Word for word and without images, reproduce the listing that follows.

⁂

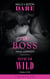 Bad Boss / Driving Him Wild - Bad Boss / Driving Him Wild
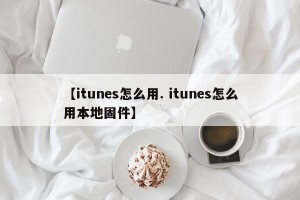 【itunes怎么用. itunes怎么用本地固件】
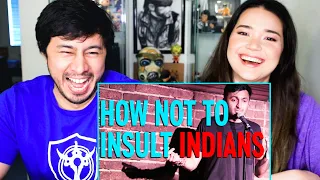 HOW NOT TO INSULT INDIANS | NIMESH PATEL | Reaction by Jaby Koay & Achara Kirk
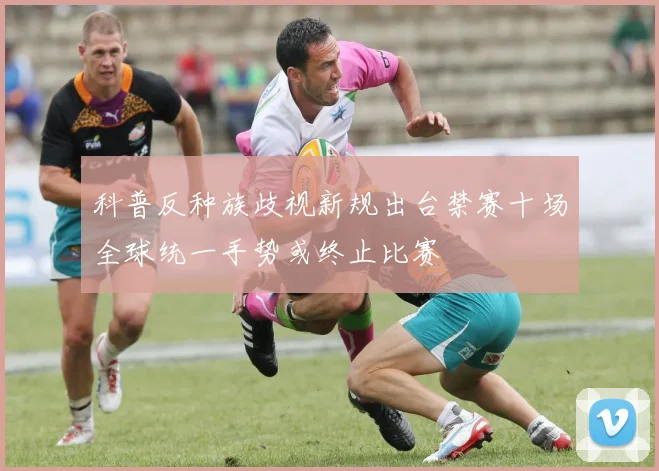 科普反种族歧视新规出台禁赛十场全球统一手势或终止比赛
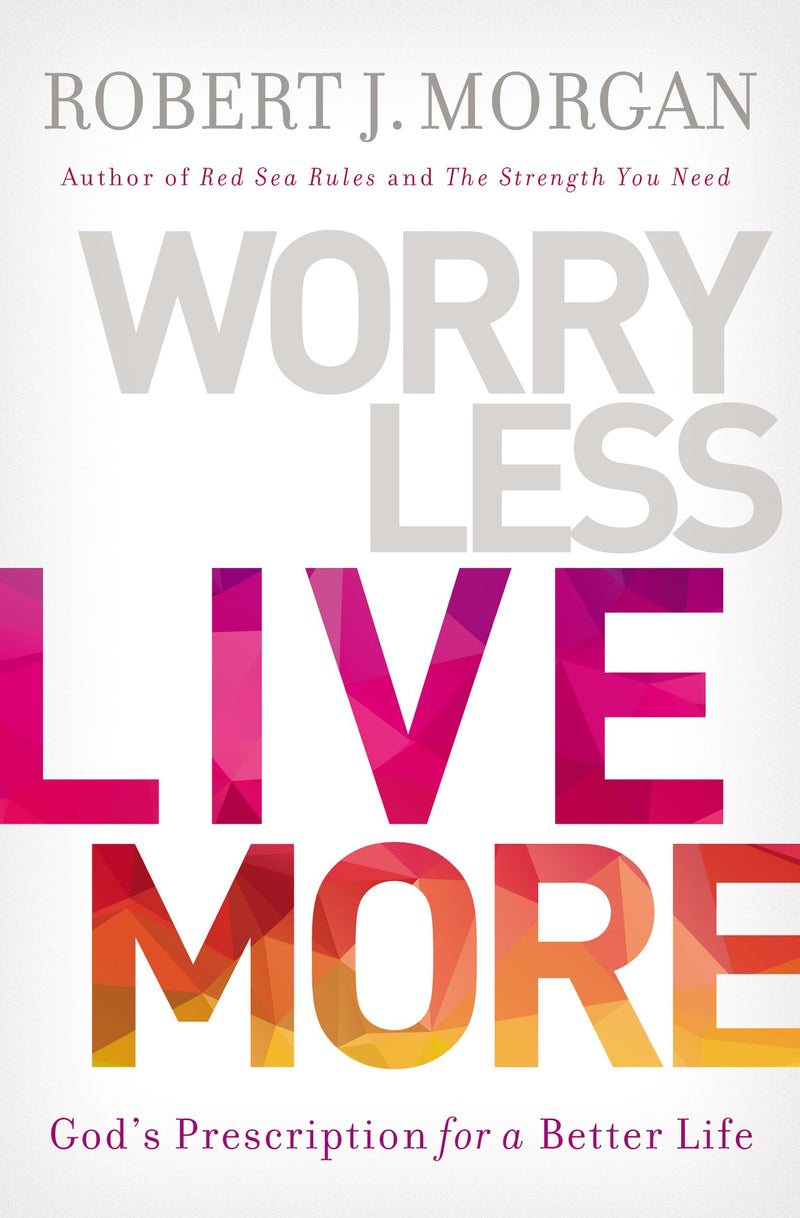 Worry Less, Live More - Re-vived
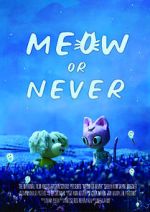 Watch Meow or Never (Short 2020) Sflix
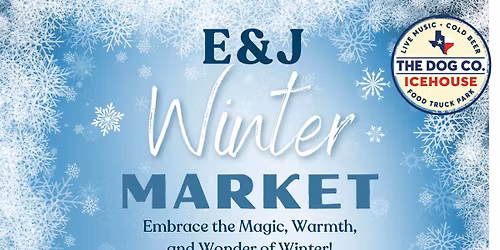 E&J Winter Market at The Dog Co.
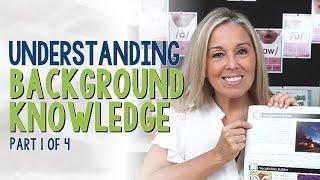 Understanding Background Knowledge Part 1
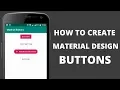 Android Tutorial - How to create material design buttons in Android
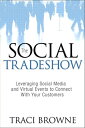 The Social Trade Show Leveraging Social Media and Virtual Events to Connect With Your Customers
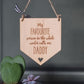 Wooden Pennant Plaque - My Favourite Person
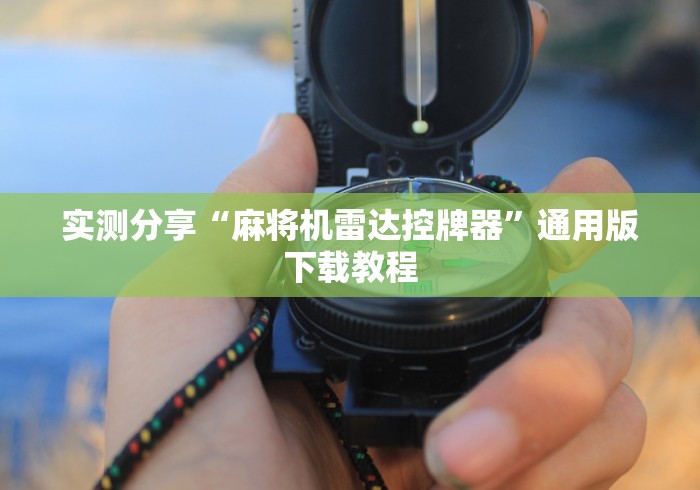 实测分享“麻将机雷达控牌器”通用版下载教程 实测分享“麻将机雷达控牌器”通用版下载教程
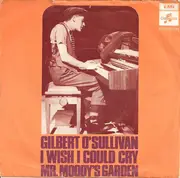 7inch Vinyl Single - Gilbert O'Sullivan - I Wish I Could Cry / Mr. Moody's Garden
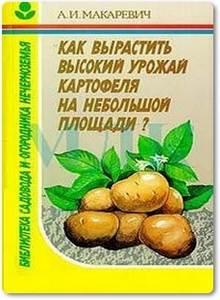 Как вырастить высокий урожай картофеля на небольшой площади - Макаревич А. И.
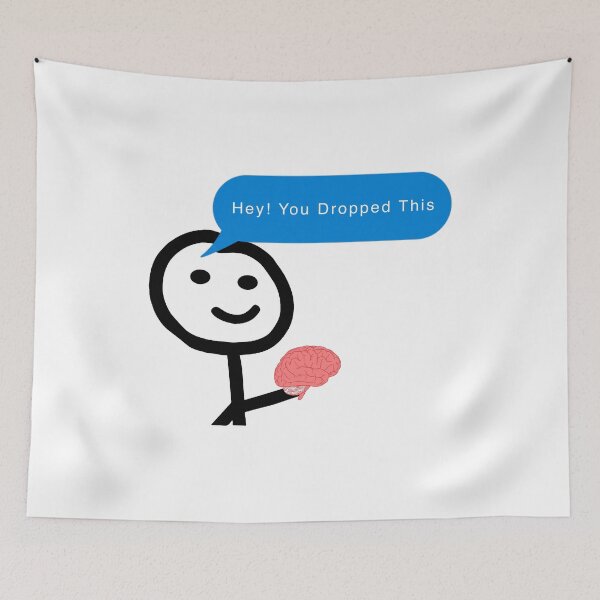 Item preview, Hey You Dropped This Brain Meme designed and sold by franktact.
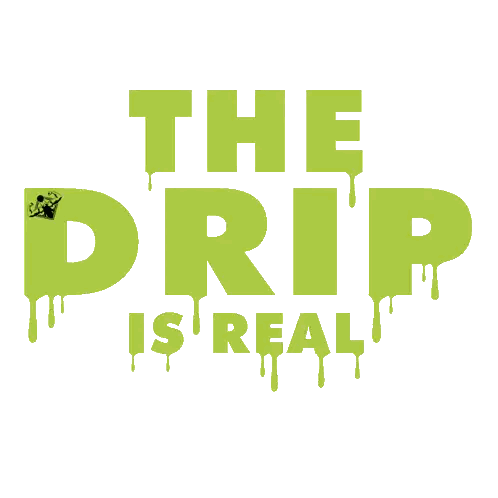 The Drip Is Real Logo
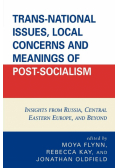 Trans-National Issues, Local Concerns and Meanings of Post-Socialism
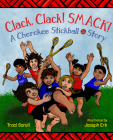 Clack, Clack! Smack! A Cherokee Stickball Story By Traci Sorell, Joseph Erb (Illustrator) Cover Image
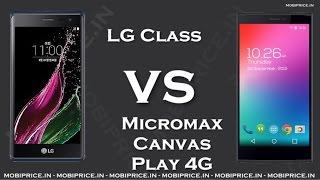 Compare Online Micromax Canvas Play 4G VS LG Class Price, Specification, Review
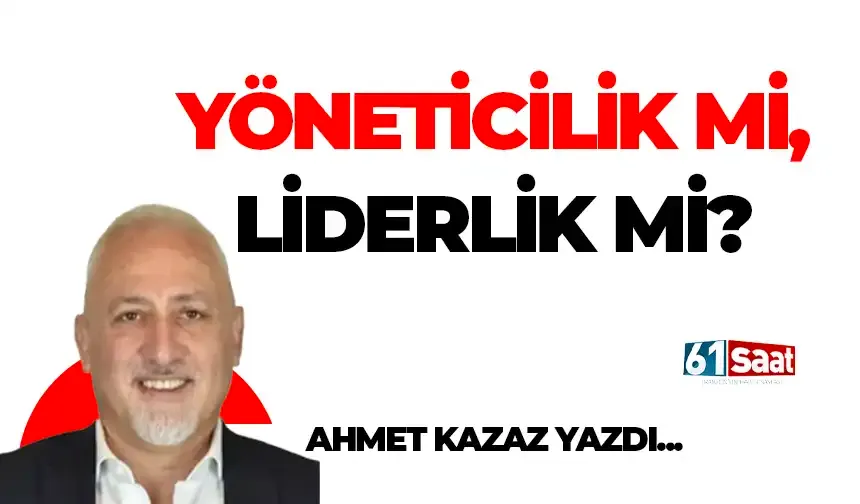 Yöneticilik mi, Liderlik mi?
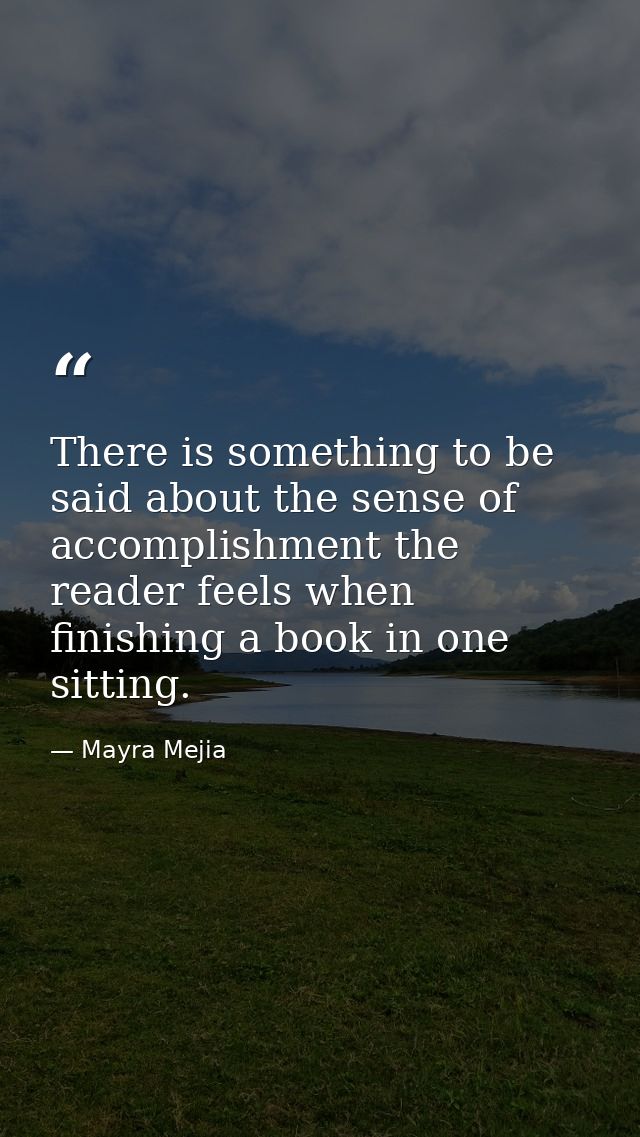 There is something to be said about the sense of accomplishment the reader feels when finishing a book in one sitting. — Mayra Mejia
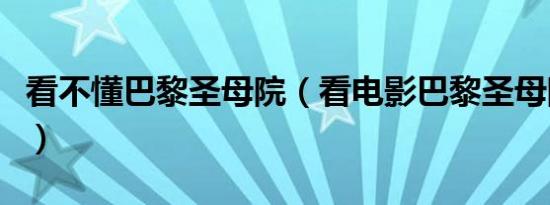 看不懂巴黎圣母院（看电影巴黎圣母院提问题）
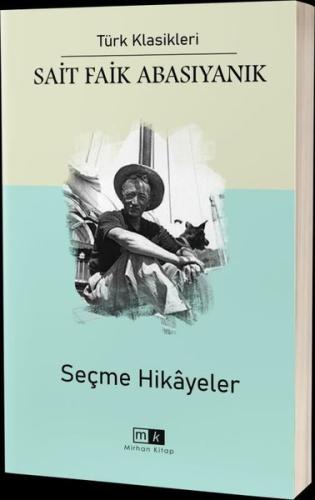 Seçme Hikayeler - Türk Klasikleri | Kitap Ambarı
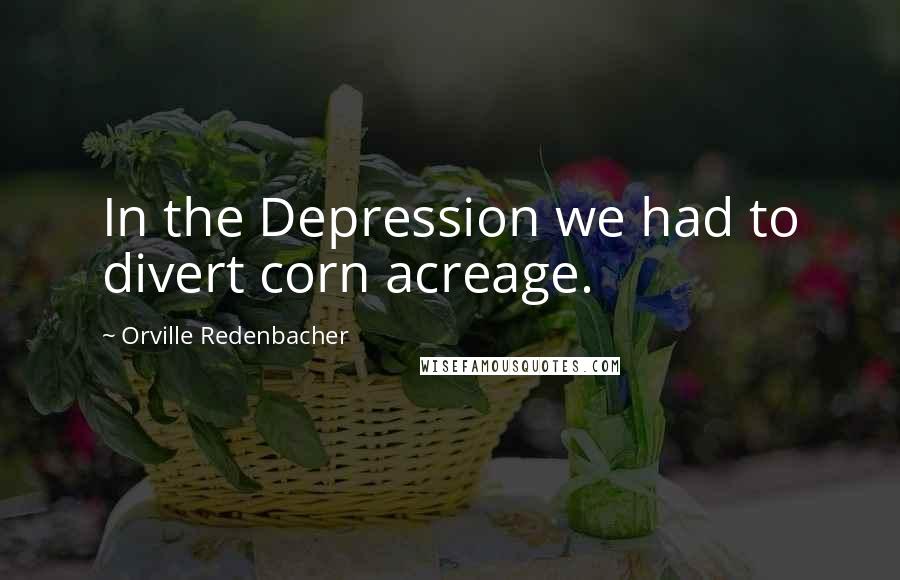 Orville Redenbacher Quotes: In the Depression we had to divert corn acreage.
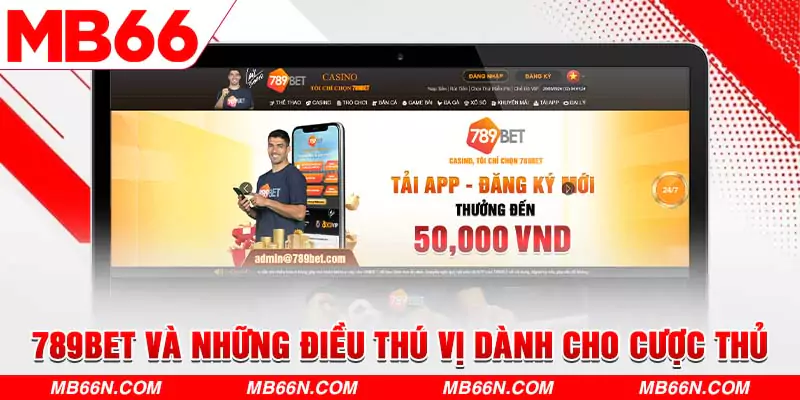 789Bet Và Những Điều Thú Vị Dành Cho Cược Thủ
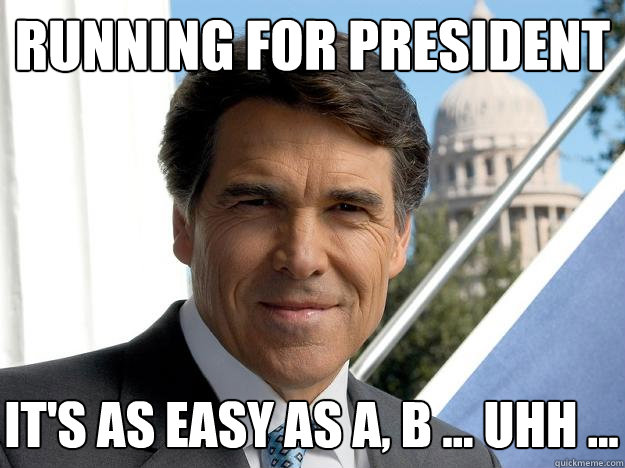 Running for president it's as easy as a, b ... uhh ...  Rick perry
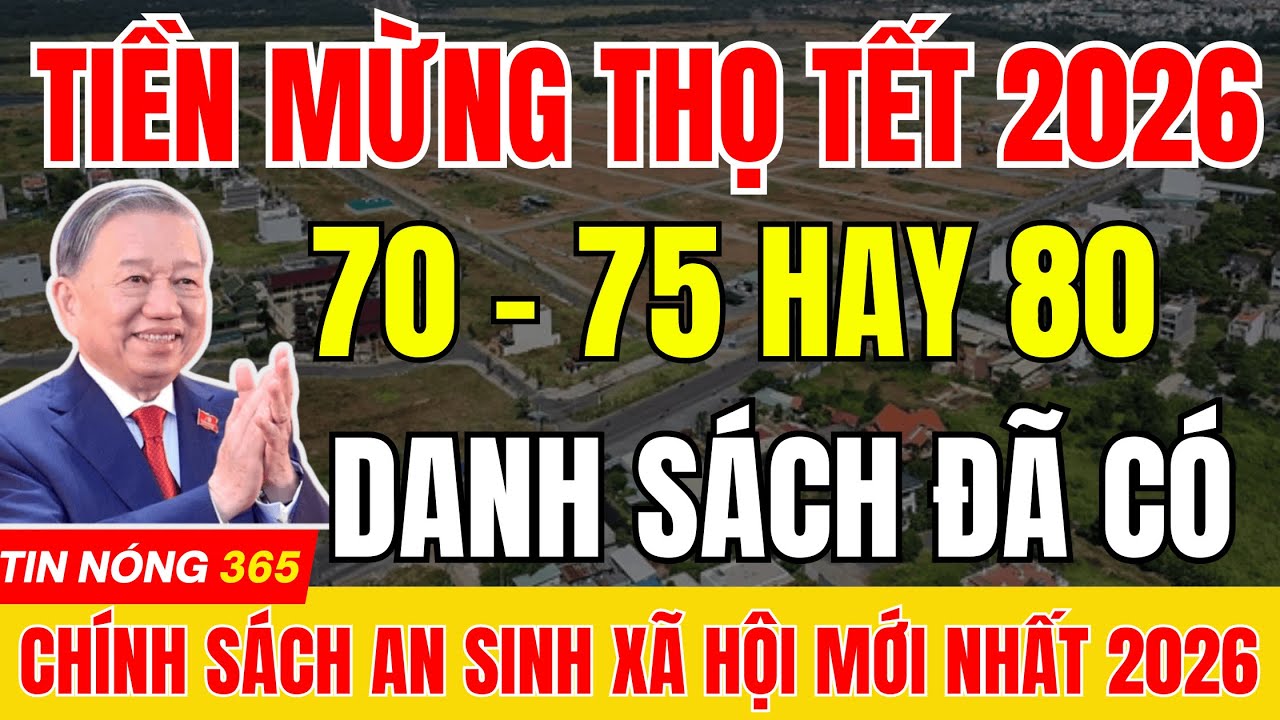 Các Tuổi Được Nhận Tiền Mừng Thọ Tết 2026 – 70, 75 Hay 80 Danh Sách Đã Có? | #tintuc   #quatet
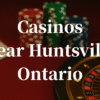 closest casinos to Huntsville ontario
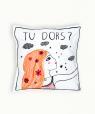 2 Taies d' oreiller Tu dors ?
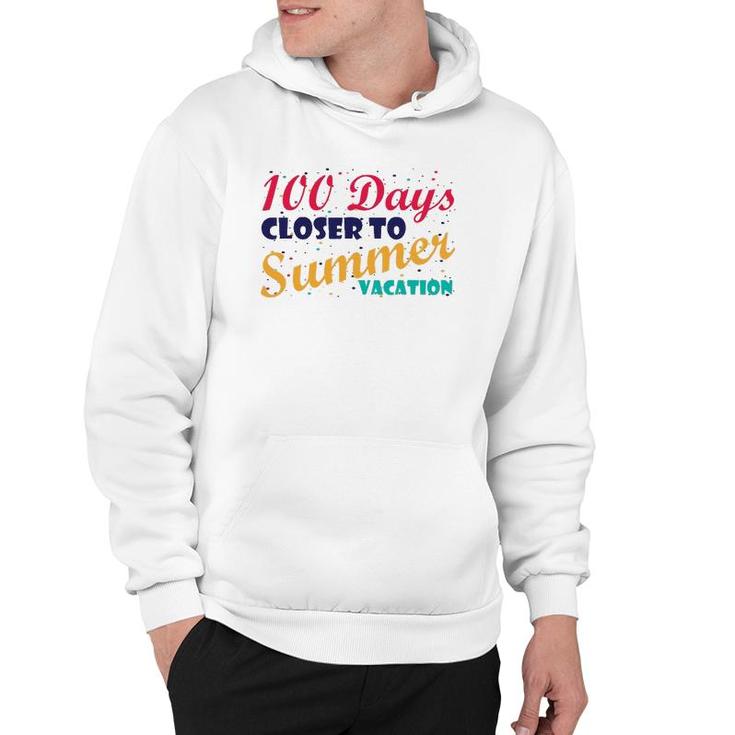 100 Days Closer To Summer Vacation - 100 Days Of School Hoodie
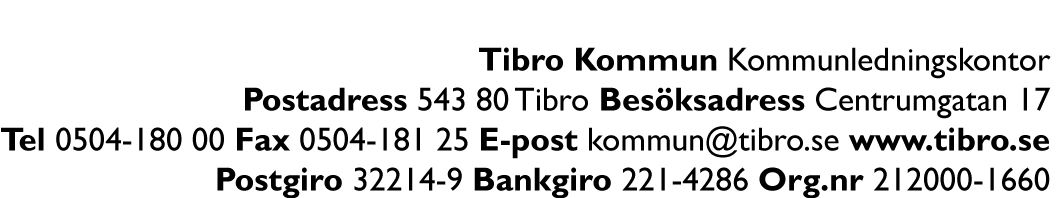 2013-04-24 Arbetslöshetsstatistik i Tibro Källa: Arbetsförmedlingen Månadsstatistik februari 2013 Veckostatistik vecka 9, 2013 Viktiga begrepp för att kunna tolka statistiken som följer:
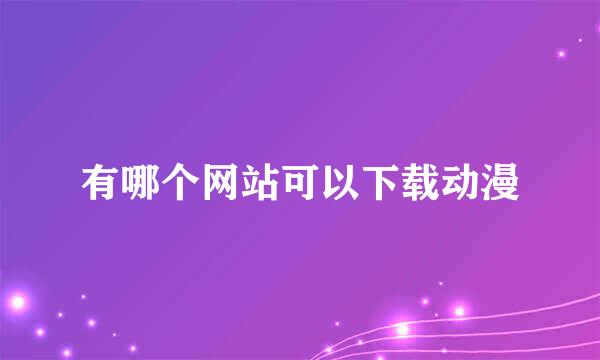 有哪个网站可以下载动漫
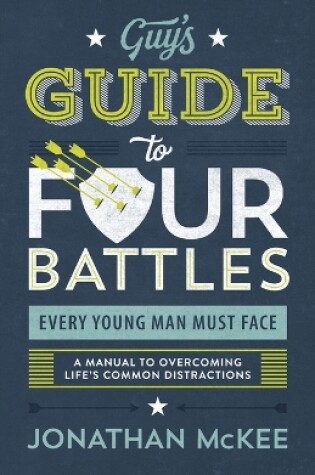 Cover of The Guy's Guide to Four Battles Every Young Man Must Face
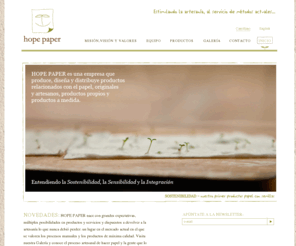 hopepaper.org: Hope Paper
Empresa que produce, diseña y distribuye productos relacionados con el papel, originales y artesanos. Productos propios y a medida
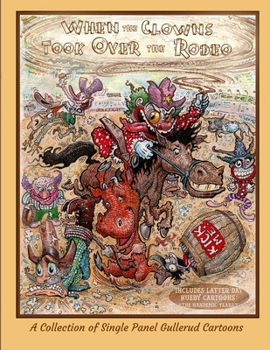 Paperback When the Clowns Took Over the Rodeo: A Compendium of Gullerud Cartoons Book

⁂

* **Reply**:
 Bad Boss / Driving Him Wild - Bad Boss / Driving Him Wild
 【itunes怎么用. itunes怎么用本地固件】
 HOW NOT TO INSULT INDIANS | NIMESH PATEL | Reaction by Jaby Koay & Achara Kirk
 科普反种族歧视新规出台禁赛十场全球统一手势或终止比赛
 Worry Less, Live More - Re-vived
 Watch Meow or Never (Short 2020) Sflix
 E&J Winter Market at The Dog Co.
 Understanding Background Knowledge Part 1
 Android Tutorial - How to create material design buttons in Android
 The Social Trade Show Leveraging Social Media and Virtual Events to Connect With Your Customers
 Wooden Pennant Plaque - My Favourite Person
 实测分享“麻将机雷达控牌器”通用版下载教程 实测分享“麻将机雷达控牌器”通用版下载教程
 7inch Vinyl Single - Gilbert O'Sullivan - I Wish I Could Cry / Mr. Moody's Garden
 Как вырастить высокий урожай картофеля на небольшой площади - Макаревич А. И.
 Item preview, Hey You Dropped This Brain Meme designed and sold by franktact.
 The Drip Is Real Logo
 Trans-National Issues, Local Concerns and Meanings of Post-Socialism
 Clack, Clack! Smack! A Cherokee Stickball Story By Traci Sorell, Joseph Erb (Illustrator) Cover Image
 Compare Online Micromax Canvas Play 4G VS LG Class Price, Specification, Review
 Yöneticilik mi, Liderlik mi?
 There is something to be said about the sense of accomplishment the reader feels when finishing a book in one sitting. — Mayra Mejia
 看不懂巴黎圣母院（看电影巴黎圣母院提问题）
 Seçme Hikayeler - Türk Klasikleri | Kitap Ambarı
 Orville Redenbacher Quotes: In the Depression we had to divert corn acreage.
 789Bet Và Những Điều Thú Vị Dành Cho Cược Thủ
 Running for president it's as easy as a, b ... uhh ...  Rick perry
 Các Tuổi Được Nhận Tiền Mừng Thọ Tết 2026 – 70, 75 Hay 80 Danh Sách Đã Có? | #tintuc   #quatet
 closest casinos to Huntsville ontario
 2 Taies d' oreiller Tu dors ?
 100 Days Closer To Summer Vacation - 100 Days Of School Hoodie
 2013-04-24 Arbetslöshetsstatistik i Tibro Källa: Arbetsförmedlingen Månadsstatistik februari 2013 Veckostatistik vecka 9, 2013 Viktiga begrepp för att kunna tolka statistiken som följer:
 有哪个网站可以下载动漫
 Cover of The Guy's Guide to Four Battles Every Young Man Must Face
 hopepaper.org: Hope Paper
Empresa que produce, diseña y distribuye productos relacionados con el papel, originales y artesanos. Productos propios y a medida
 Paperback When the Clowns Took Over the Rodeo: A Compendium of Gullerud Cartoons Book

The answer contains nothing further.